## Task directions:
Write out all of the data without omission, exactly as shown.

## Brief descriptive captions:
============================================================
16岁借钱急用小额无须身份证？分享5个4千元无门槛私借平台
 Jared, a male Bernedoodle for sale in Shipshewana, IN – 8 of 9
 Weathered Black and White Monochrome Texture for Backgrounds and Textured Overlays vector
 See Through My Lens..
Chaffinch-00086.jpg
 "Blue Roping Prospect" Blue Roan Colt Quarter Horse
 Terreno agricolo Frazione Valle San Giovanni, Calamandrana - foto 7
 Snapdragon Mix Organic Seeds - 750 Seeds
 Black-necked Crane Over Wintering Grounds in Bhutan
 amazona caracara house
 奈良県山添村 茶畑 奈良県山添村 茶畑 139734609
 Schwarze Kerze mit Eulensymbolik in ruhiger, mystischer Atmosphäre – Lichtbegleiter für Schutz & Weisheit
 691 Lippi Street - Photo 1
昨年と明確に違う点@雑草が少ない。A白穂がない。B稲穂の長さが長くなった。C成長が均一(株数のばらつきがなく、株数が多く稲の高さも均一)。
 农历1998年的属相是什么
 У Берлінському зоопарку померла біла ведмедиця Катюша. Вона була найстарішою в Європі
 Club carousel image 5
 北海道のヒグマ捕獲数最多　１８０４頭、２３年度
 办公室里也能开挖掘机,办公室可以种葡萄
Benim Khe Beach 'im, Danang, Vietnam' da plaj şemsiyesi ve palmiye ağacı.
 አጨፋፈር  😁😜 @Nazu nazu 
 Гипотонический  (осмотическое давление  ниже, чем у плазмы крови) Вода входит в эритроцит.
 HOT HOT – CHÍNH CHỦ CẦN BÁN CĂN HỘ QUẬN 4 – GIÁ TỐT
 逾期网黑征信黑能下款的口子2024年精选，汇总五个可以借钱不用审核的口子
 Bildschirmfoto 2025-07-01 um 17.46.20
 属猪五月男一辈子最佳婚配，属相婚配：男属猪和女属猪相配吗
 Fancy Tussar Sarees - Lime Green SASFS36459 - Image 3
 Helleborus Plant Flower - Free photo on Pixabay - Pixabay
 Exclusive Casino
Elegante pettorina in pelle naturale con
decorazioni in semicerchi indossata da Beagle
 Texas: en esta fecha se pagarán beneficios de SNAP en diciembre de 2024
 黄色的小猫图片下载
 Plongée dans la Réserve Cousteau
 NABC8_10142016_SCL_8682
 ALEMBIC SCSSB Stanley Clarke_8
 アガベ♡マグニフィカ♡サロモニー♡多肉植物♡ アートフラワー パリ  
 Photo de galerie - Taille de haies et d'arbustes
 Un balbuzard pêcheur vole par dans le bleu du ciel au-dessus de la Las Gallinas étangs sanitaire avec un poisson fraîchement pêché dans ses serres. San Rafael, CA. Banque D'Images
============================================================
## Final answer:
16岁借钱急用小额无须身份证？分享5个4千元无门槛私借平台
 Jared, a male Bernedoodle for sale in Shipshewana, IN – 8 of 9
 Weathered Black and White Monochrome Texture for Backgrounds and Textured Overlays vector
 See Through My Lens..
Chaffinch-00086.jpg
 "Blue Roping Prospect" Blue Roan Colt Quarter Horse
 Terreno agricolo Frazione Valle San Giovanni, Calamandrana - foto 7
 Snapdragon Mix Organic Seeds - 750 Seeds
 Black-necked Crane Over Wintering Grounds in Bhutan
 amazona caracara house
 奈良県山添村 茶畑 奈良県山添村 茶畑 139734609
 Schwarze Kerze mit Eulensymbolik in ruhiger, mystischer Atmosphäre – Lichtbegleiter für Schutz & Weisheit
 691 Lippi Street - Photo 1
昨年と明確に違う点@雑草が少ない。A白穂がない。B稲穂の長さが長くなった。C成長が均一(株数のばらつきがなく、株数が多く稲の高さも均一)。
 农历1998年的属相是什么
 У Берлінському зоопарку померла біла ведмедиця Катюша. Вона була найстарішою в Європі
 Club carousel image 5
 北海道のヒグマ捕獲数最多　１８０４頭、２３年度
 办公室里也能开挖掘机,办公室可以种葡萄
Benim Khe Beach 'im, Danang, Vietnam' da plaj şemsiyesi ve palmiye ağacı.
 አጨፋፈር  😁😜 @Nazu nazu 
 Гипотонический  (осмотическое давление  ниже, чем у плазмы крови) Вода входит в эритроцит.
 HOT HOT – CHÍNH CHỦ CẦN BÁN CĂN HỘ QUẬN 4 – GIÁ TỐT
 逾期网黑征信黑能下款的口子2024年精选，汇总五个可以借钱不用审核的口子
 Bildschirmfoto 2025-07-01 um 17.46.20
 属猪五月男一辈子最佳婚配，属相婚配：男属猪和女属猪相配吗
 Fancy Tussar Sarees - Lime Green SASFS36459 - Image 3
 Helleborus Plant Flower - Free photo on Pixabay - Pixabay
 Exclusive Casino
Elegante pettorina in pelle naturale con
decorazioni in semicerchi indossata da Beagle
 Texas: en esta fecha se pagarán beneficios de SNAP en diciembre de 2024
 黄色的小猫图片下载
 Plongée dans la Réserve Cousteau
 NABC8_10142016_SCL_8682
 ALEMBIC SCSSB Stanley Clarke_8
 アガベ♡マグニフィカ♡サロモニー♡多肉植物♡ アートフラワー パリ  
 Photo de galerie - Taille de haies et d'arbustes
 Un balbuzard pêcheur vole par dans le bleu du ciel au-dessus de la Las Gallinas étangs sanitaire avec un poisson fraîchement pêché dans ses serres. San Rafael, CA. Banque D'Images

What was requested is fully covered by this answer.